● **Requirement**
Would you transcribe the listing that follows, character for character, and omit its images?
== == ==
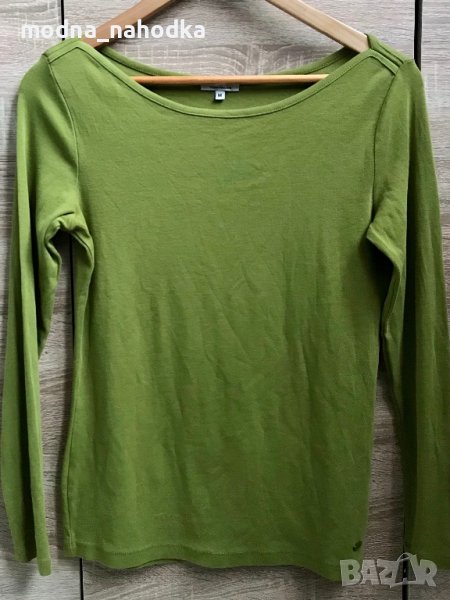 Зелена блуза Tom Tailor, снимка 1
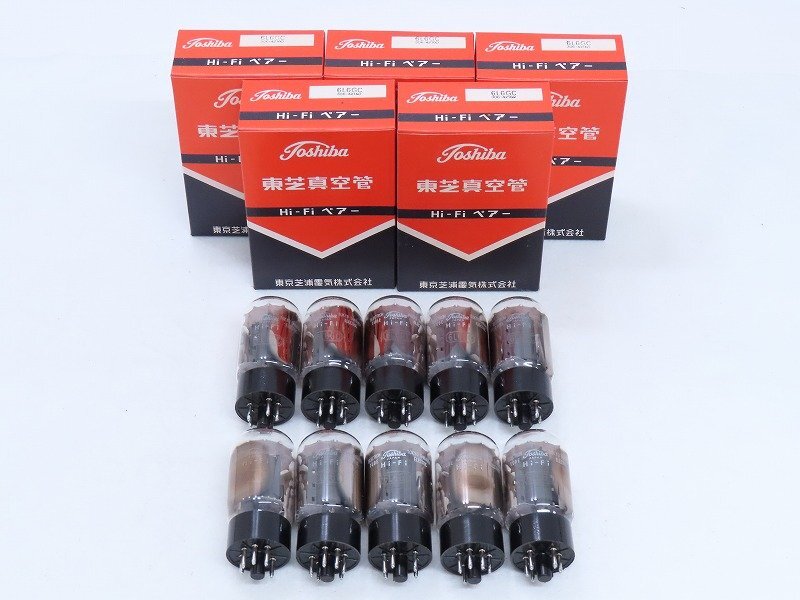 TOSHIBA-東芝】の【真空管/6L6GC】を三重県桑名市で出張買取させて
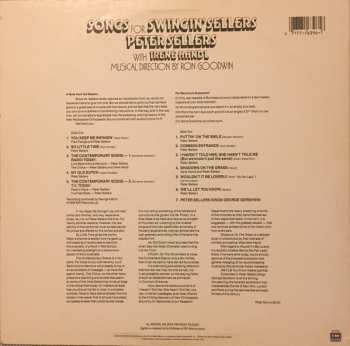 LP Peter Sellers: Songs For Swingin' Sellers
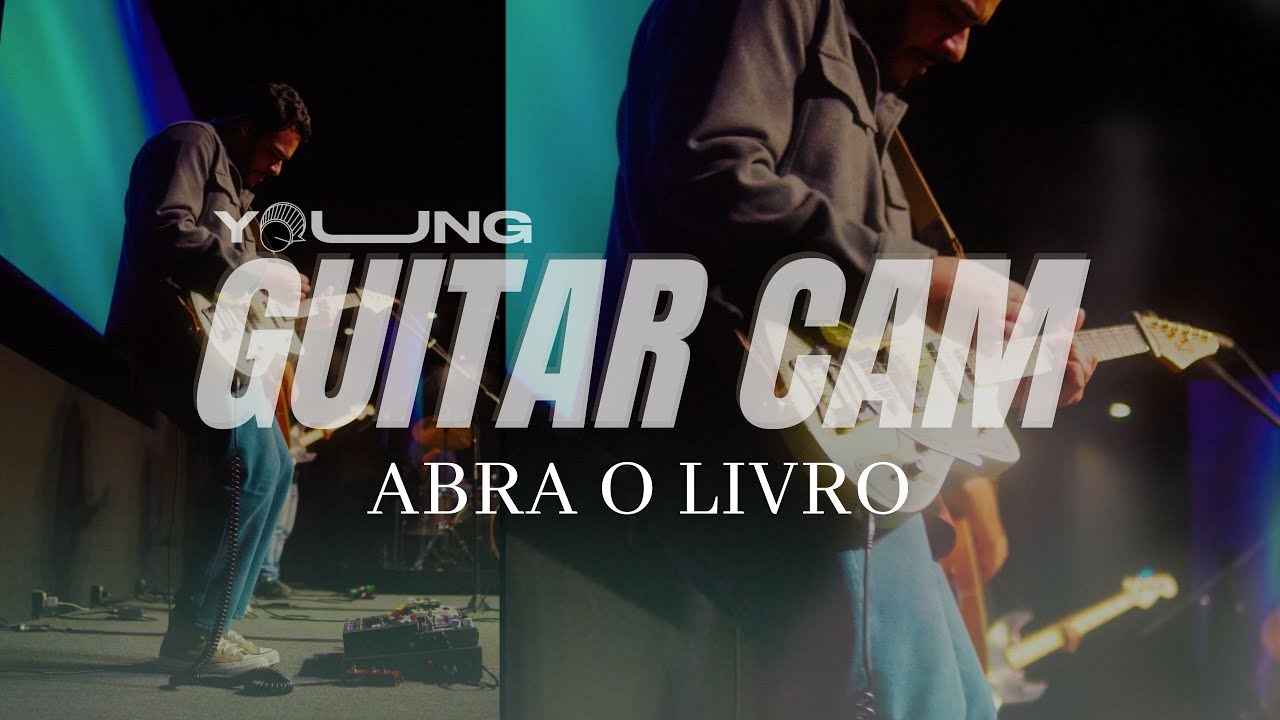 Abra o Livro (Open The Scroll) | GUITAR CAM | FLOW - Ao Vivo, na Igreja @poiemamogi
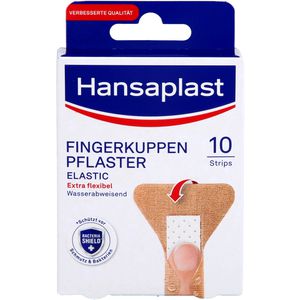 HANSAPLAST Elastic Fingerkuppen Pflasterstrips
== == ==
● **Task result**
 Зелена блуза Tom Tailor, снимка 1
 TOSHIBA-東芝】の【真空管/6L6GC】を三重県桑名市で出張買取させて
 LP Peter Sellers: Songs For Swingin' Sellers
 Abra o Livro (Open The Scroll) | GUITAR CAM | FLOW - Ao Vivo, na Igreja @poiemamogi
 HANSAPLAST Elastic Fingerkuppen Pflasterstrips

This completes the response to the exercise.